Sebagaimana diketahui, Andhy Hendro Wijaya didakwa bersama-sama dengan saksi M Mukhtar (proses Kasasi) pada sekitar bulan Februari 2018 hingga Januari 2019 bertempat di Kantor BPPKAD Kabupaten Gresik memotong insentif pegawai yang dilakukan saat terdakwa menjabat Kepala BPPKAD Kabupaten Gresik tahun 2018.
Andhy Hendro Wijaya didakwa dengan pasal berlapis. Pada dakwaan ke satu, Jaksa mendakwa dengan Pasal 12 huruf e, Jo Pasal 18 UU Tipikor, Jo Pasal 64 KUHP, Jo Pasal 55 ayat (1) ke 1 KUHP.
Sedangkan dalam dakwaan ke dua, Terdakwa Andhy Hendro Wijaya didakwa melanggar Pasal 12 f, Jo Pasal 12 huruf f, Jo Pasal 18 UU Tipikor, Jo Pasal 64 KUHP, Jo Pasal 55 ayat (1) ke 1 KUHP.
Sementara perkara pemotongan pemotongan Insentif pegawai yang di OTT tim Kejari Gresik mengamankan sekitar Rp 500 juta di Kantor BPPKAD Kabupaten Gresik tersebut sudah menyeret mantan Plt Kepala BPPKAD Gresik M Mukhtar ke Pengadilan Tipikor Surabaya.

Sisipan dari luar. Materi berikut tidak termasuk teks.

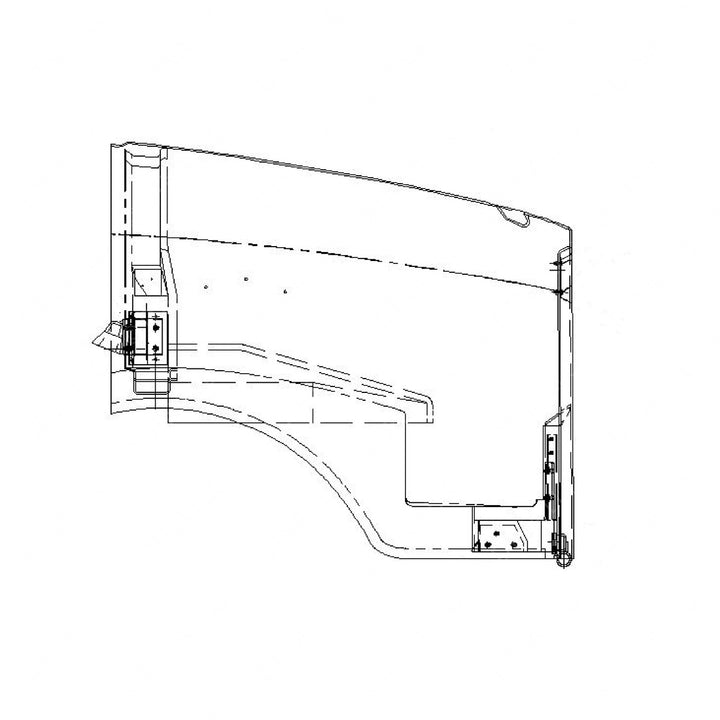 A17-12464-005 HOOD FLD120SD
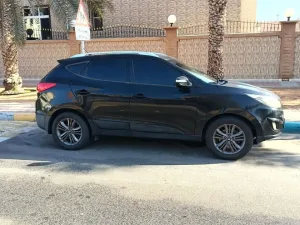 2015 Hyundai Tucson HyBird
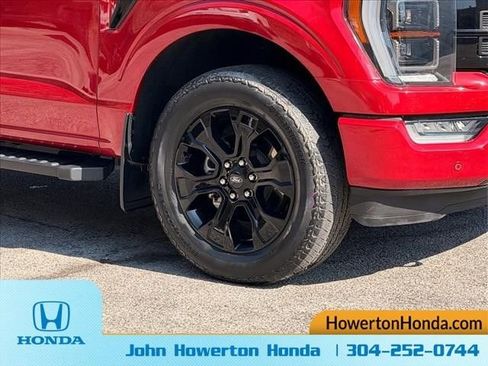 Used 2023 Ford F150 Lariat w/ Equipment Group 502A High image 24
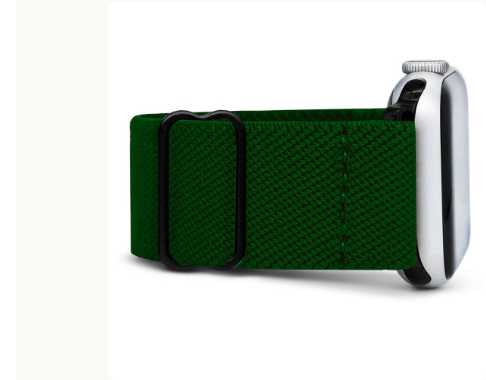 Evergreen Apple Watch band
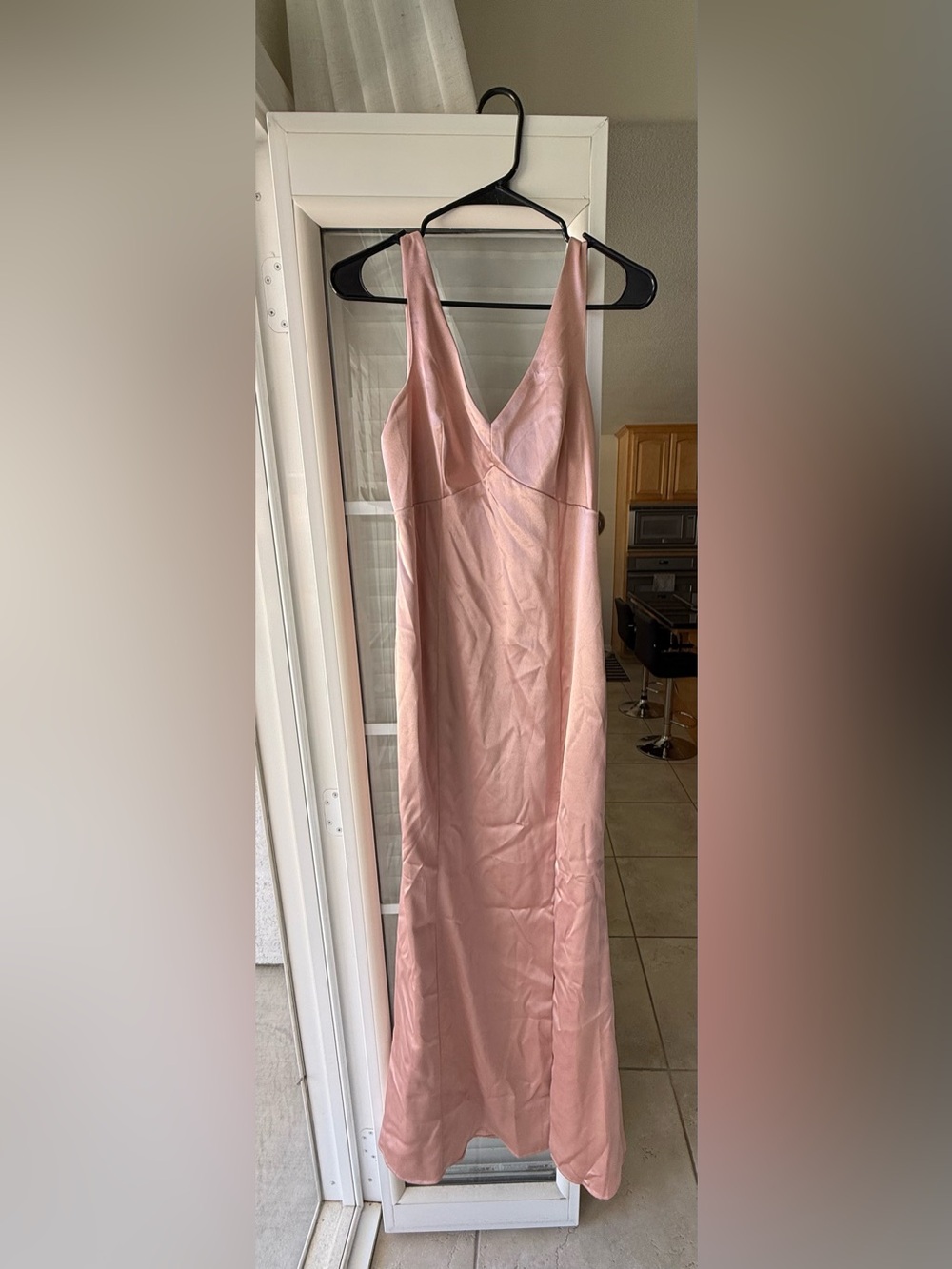 Birdy Grey Gloria Dress in Rose Gold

Mukhtar divonis 4 tahun penjara, denda Rp200 juta subsider pidana kurungan 6 bulan serta wajib membayar uang pengganti kerugian negara Rp2,1 miliar subsider pidana penjara 6 bulan pada tingkat Pengadilan Tipikor tingkat pertama.

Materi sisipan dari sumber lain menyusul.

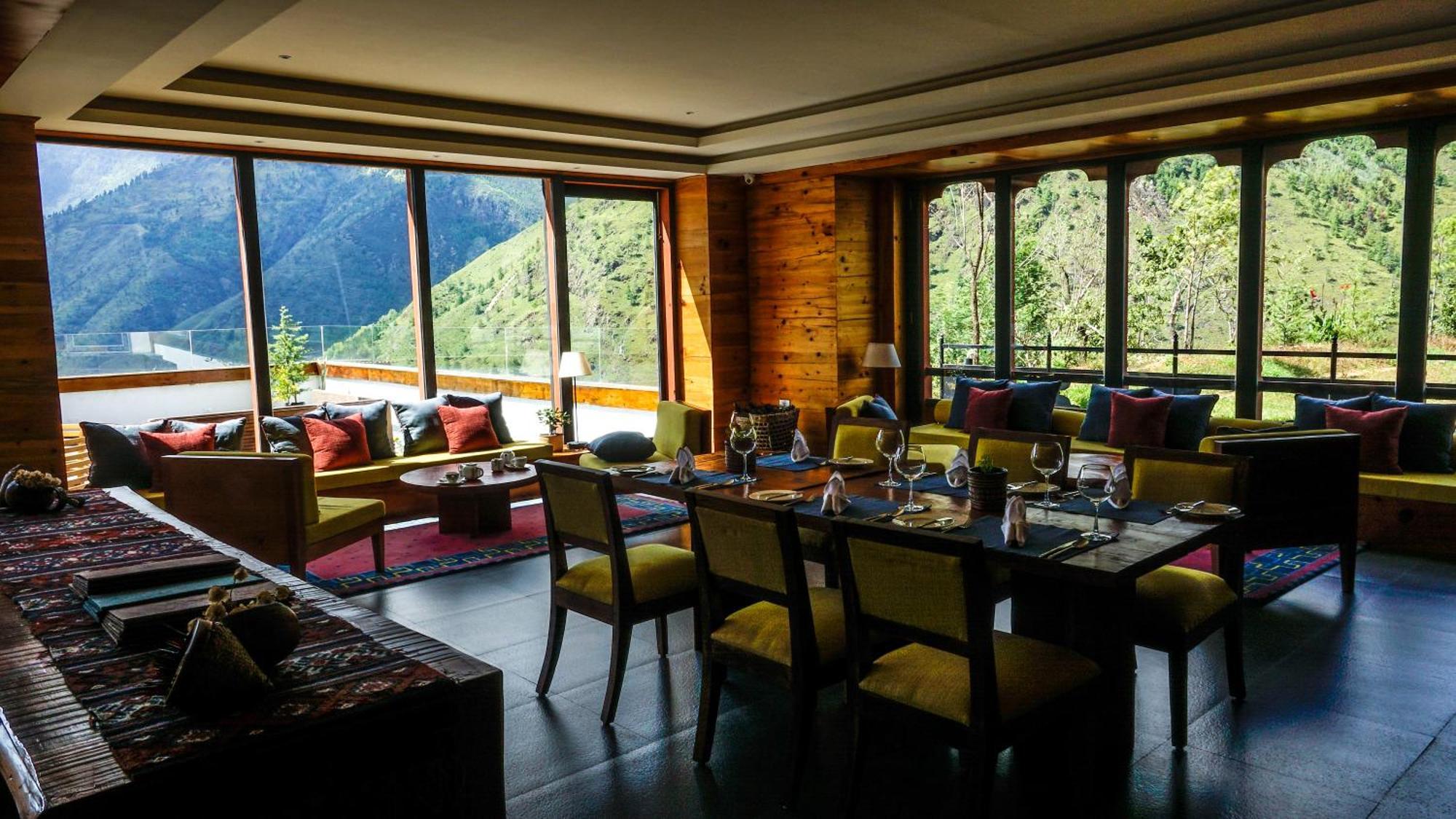 The Postcard Dewa, Thimphu, Bhutan Hotell Exteriör bild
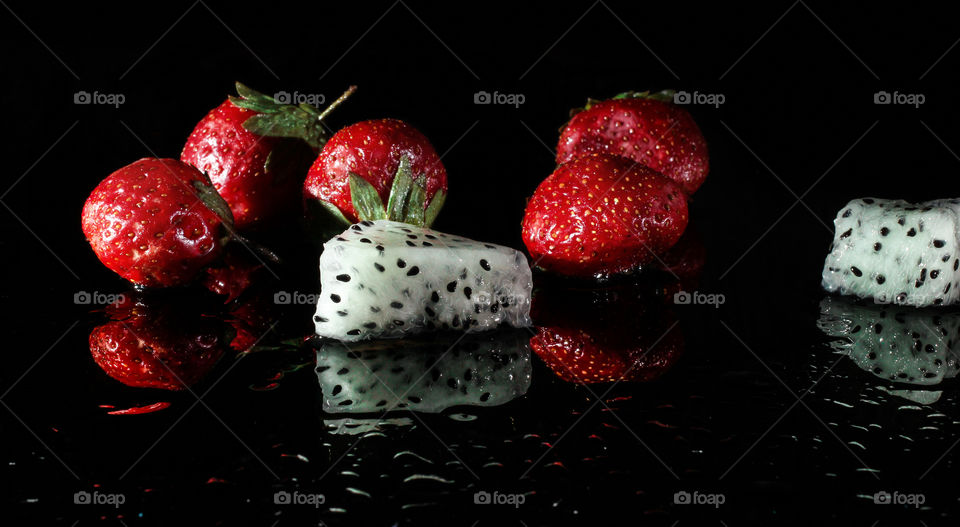 Strawberry & Dragon Fru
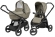 Коляска 2 в 1 Peg Perego Book Scout XL Modular Geo Beige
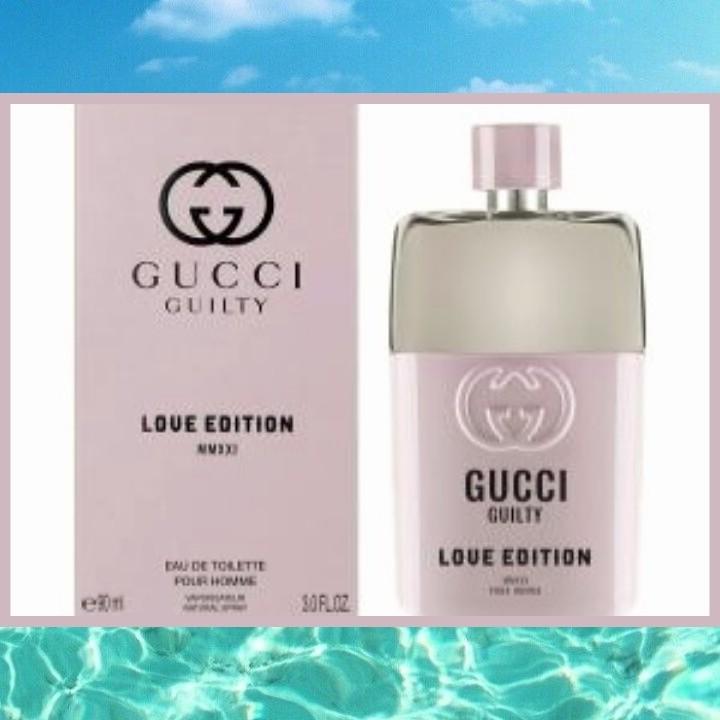 Gucci guilty love for him deals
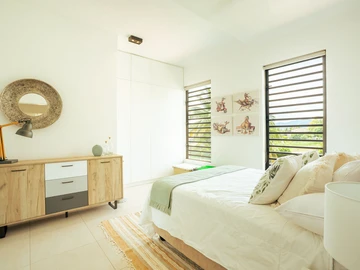 Penthouse de 3 Chambres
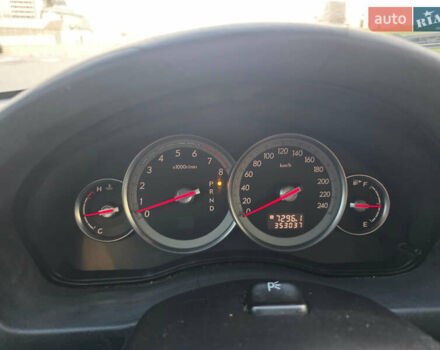 Серый Субару Легаси, объемом двигателя 1.99 л и пробегом 353 тыс. км за 4200 $, фото 3 на Automoto.ua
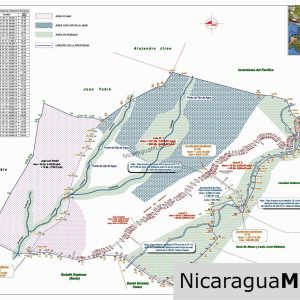 580 acres in el Valle, San Juan del Sur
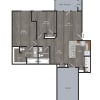 Floor plan: B1G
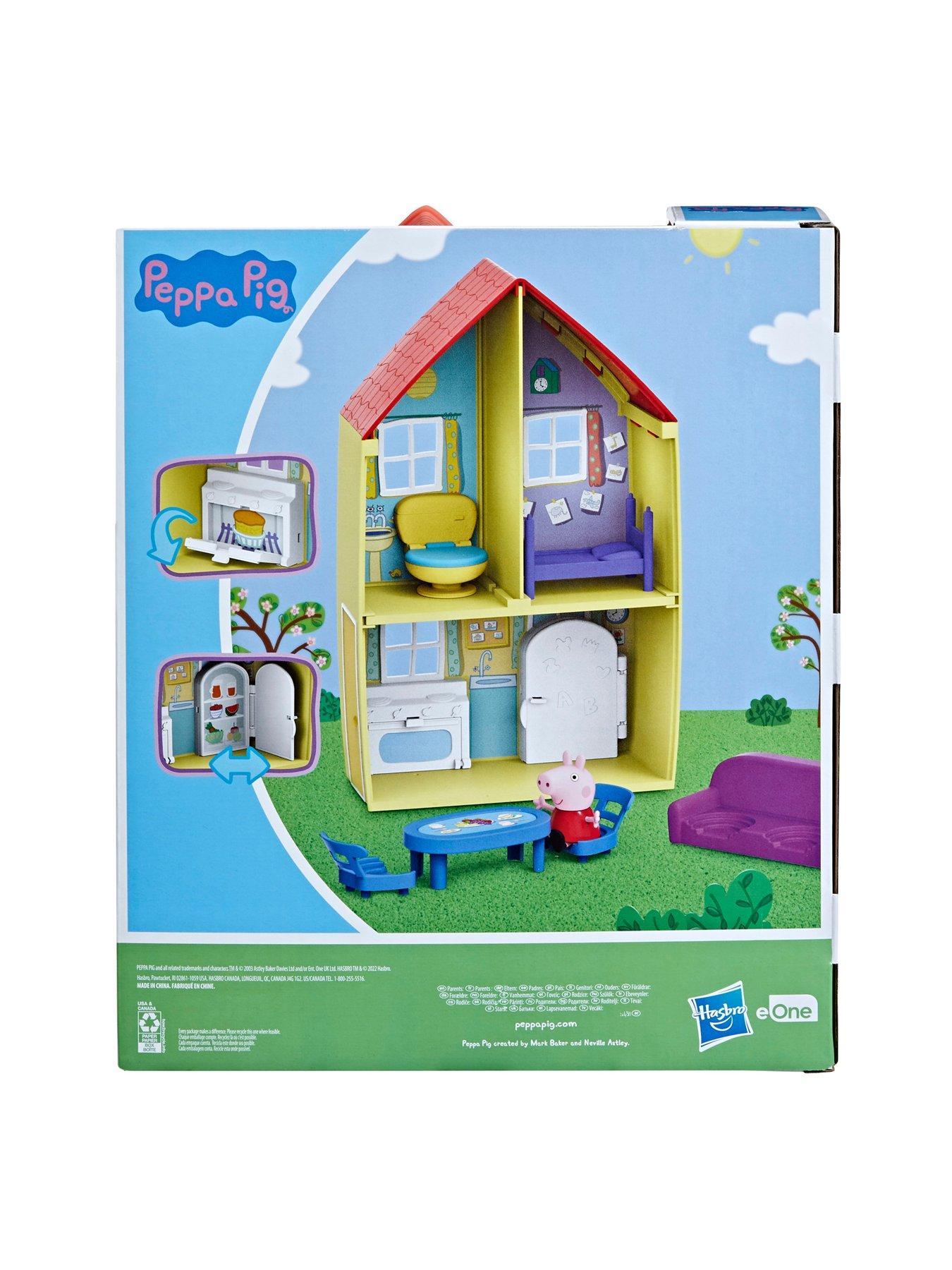 Peppa Pig Peppa s Family House Very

Kemudian, pada putusan Pengadilan Tinggi (PT) Surabaya menguatkan Pengadilan tingkat pertama. Hanya saja, ada pengurangan uang pengganti yang harus dibayar menjadi hanya Rp663 juta. Sementara, informasi yang diterima wartawan FaktualNews.co perkara M Mukhtar melakukan upaya Kasasi.